Pewnego pięknego dnia podczas robienia korekty trafiłam na termin, którego prawidłowej pisowni i odmiany nie sposób było znaleźć w słowniku. Internet miał do niego dość luźne podejście i istniało kilka wariantów. Ponieważ nie umiałam zdecydować się na jedną formę, postanowiłam wybrać opcję "pytanie do publiczności". Zadałam więc pytanie w grupie facebookowej dla redaktorów...

Rezultaty przeszły moje najśmielsze oczekiwania: już po kilkunastu sekundach kilka osób zwróciło mi uwagę, że zrobiłam literówkę w komentarzu (fakt, zrobiłam, toteż poprawiłam ją od razu) i nie postawiłam przecinka we właściwym miejscu. Ktoś napisał, że skoro nie umiem pisać poprawnie, to czy na pewno powinnam być redaktorem. Kolejne osoby z kolei zaczęły uzasadniać, że wspomniany błąd interpunkcyjny nie jest błędem, i rozważać, czy zdanie można uznać za wtrącenie, czy nie. Ktoś spytał ironicznie, czy nie umiem korzystać z googla.
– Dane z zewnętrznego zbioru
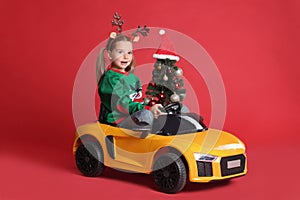 Cute little girl with Christmas tree driving children`s electric toy car on red background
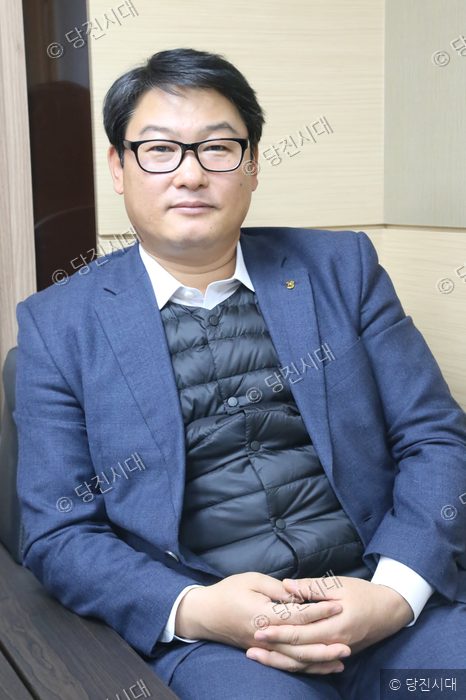 구본관 송산농협 상무가 인터뷰를 위해 앉아 포즈를 취하고 있다.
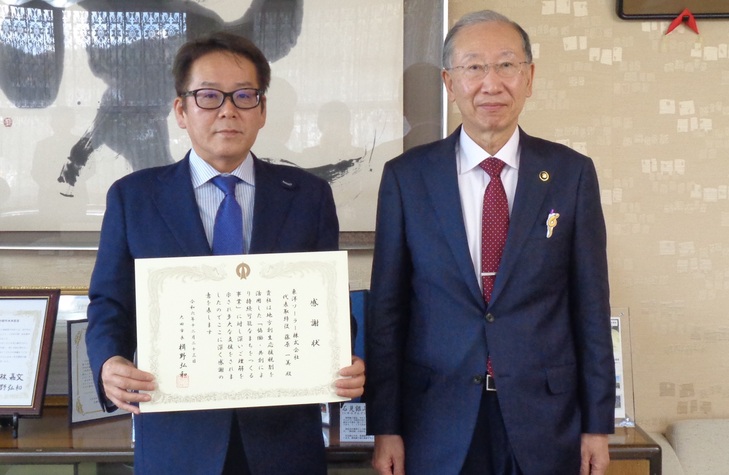 市長と記念撮影をする藤原代表取締役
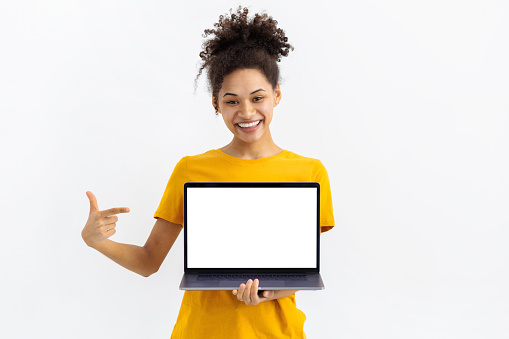 Portrait of young African American woman with laptop on white background. Beautiful female points her finger at a blank laptop screen, looking at the camera and smiling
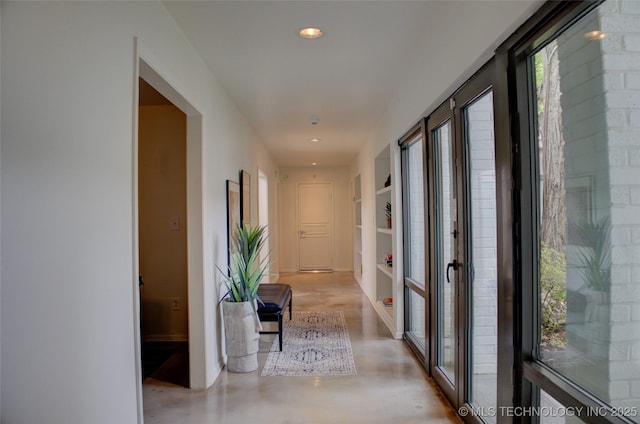 2411 E 72nd Pl Unit 2-A-3, Tulsa, OK 74136 - hall with concrete floors and recessed lighting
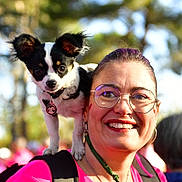 Auguste participe au concours pour gagner de l'argent avec cette photo : woman, dog, glasses, smile, outdoor, shoulder, black_and_white_dog, pink_shirt, sunlight, backpack, happy, person, pet, nature, trees, daylight, portrait, small_dog, people, event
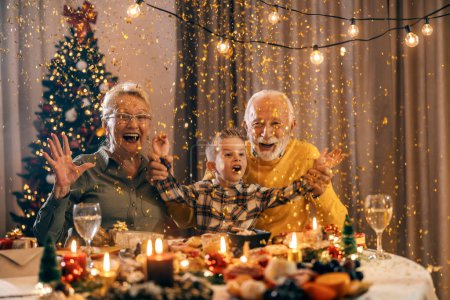 Aufgeregte Großeltern feiern Weihnachten und Silvester zu Hause mit Enkel.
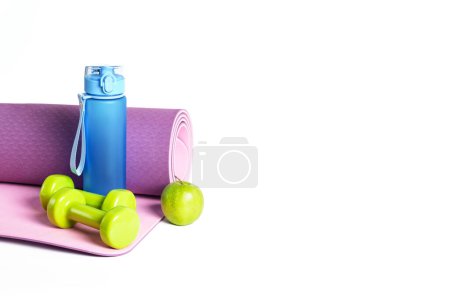 Téléchargez les photos : Tapis de yoga, haltères et bouteille d'eau isolée sur fond blanc. Style de vie sain, concept de fitness et yoga. - en image libre de droit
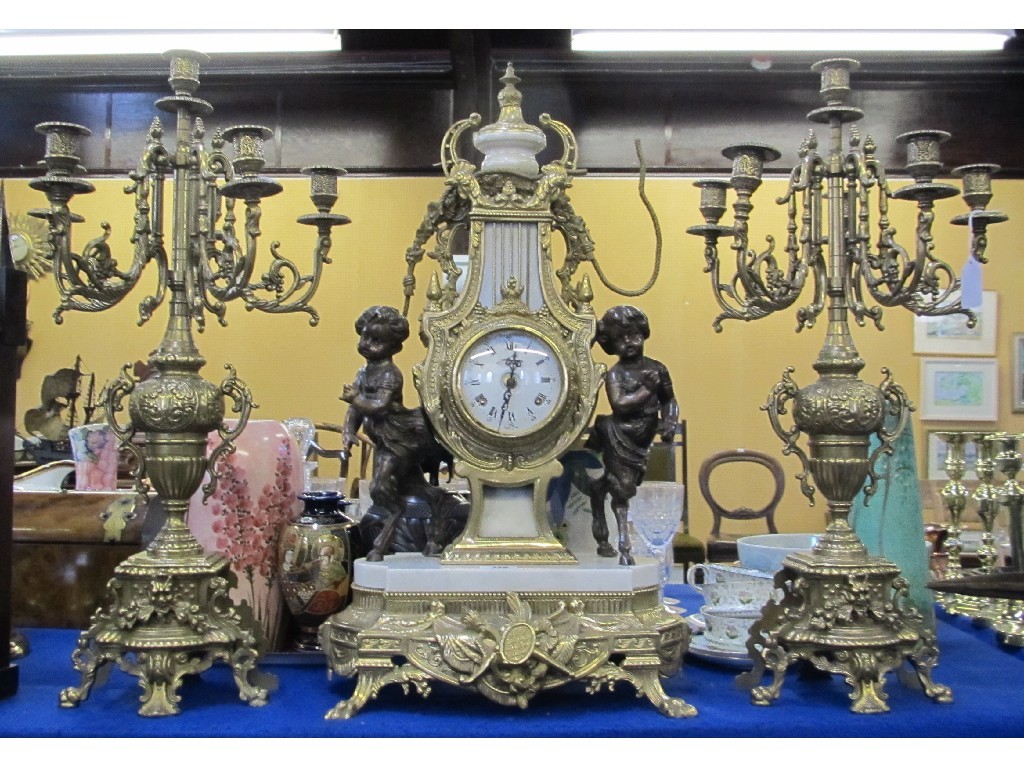 Appraisal: Gilt metal three piece garniture the clock of lyre form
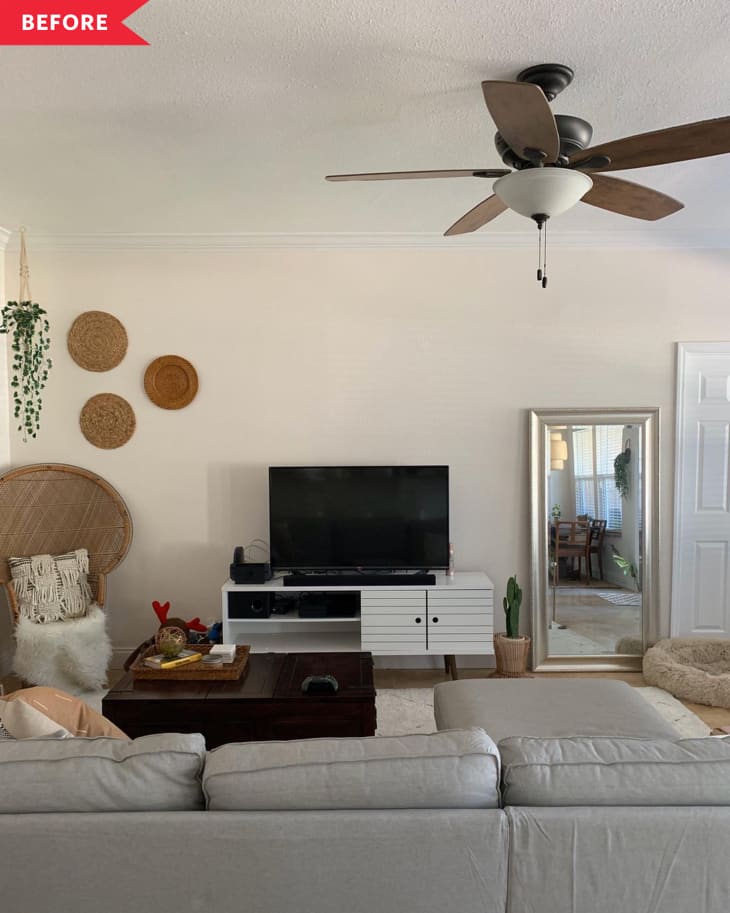 Living room with gray sofa, TV on white stand, wicker chair, wall baskets, ceiling fan, and large mirror.
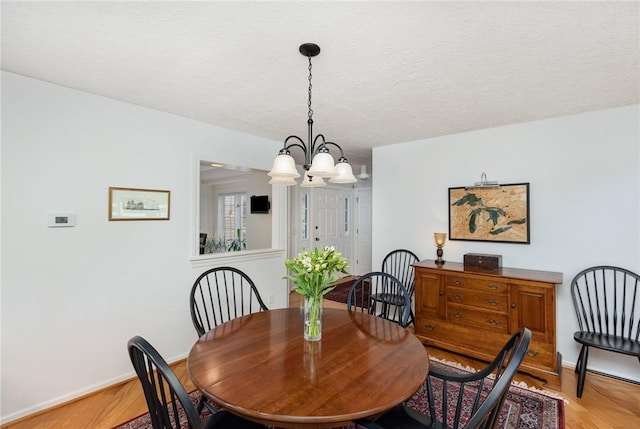 716 Mariner Cir, Webster, NY 14580 - dining area featuring light wood-style flooring, a chandelier, baseboards, and a textured ceiling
Ktoś polecił mi przeszukanie poradni językowej, od której zaczęłam poszukiwania, a ktoś zaczął biadolić że to angielskie słowo i dlaczego nie mogę użyć polskiego odpowiednika. Dopiero jedenasta osoba odpowiedziała na moje pytanie, ale co z tego, skoro dwunasta zarzuciła jej, że się nie zna. Byłam tak przerażona, że usunęłam wpis, poprzysięgając sobie, że choćbym miała przeczytać cały słownik Doroszewskiego za jednym posiedzeniem, nigdy więcej nie rzucę już niczego braciom redaktorom na pożarcie. I tak miałam dobrze. Wpis obok, dotyczący zasadności użycia słowa "psycholożka" miał jakieś dwieście komentarzy, z których połowa była argumentami ad hitlerum.
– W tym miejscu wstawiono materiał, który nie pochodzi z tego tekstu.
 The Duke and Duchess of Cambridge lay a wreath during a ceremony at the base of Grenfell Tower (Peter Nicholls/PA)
Ale o tym, jak poprawiać błędy i nie zwariować przy tym, już kiedyś pisałam. Tym razem zafascynowała mnie zajadłość, z jaką redaktorzy rzucili się na siebie wzajemnie. Poczytałam kilka innych dyskusji i cóż, lepiej nie było. Wystarczy rzucić parę haseł-samograjów: żeńskie końcówki, rusycyzmy, kalki językowe - zaledwie mała iskra może rozpętać prawdziwą polonistyczną gównoburzę. Widać też, że największe emocje budzą zmiany w języku, które naruszają jakieś szeroko rozumiane status quo. Pytanie tylko, dlaczego?

Lubimy ograniczenia?

Teoretycznie można powiedzieć: tu jest Polska, tu bez kłótni nie da rady. Ale jeśli podejść do tego od strony psychologicznej, to przecież zazwyczaj raczej oburzamy się na ograniczenia, niż dobrowolnie im poddajemy: kodeks drogowy i ograniczenia prędkości nieustannie podajemy w wątpliwość. Ściąganie plików z internetu to przecież nic złego, ustawa o stałej cenie książki wywołuje burzę, nawet niektórzy katolicy nie są zadowoleni z tego, że Kościół zabrania im jeść mięso w piątki i uprawiać seks przed ślubem. Tymczasem w języku nie dość, że dobrowolnie poddajemy się rygorom (co jest, powiedzmy, naturalne) to jeszcze... sami z siebie domagamy się nowych.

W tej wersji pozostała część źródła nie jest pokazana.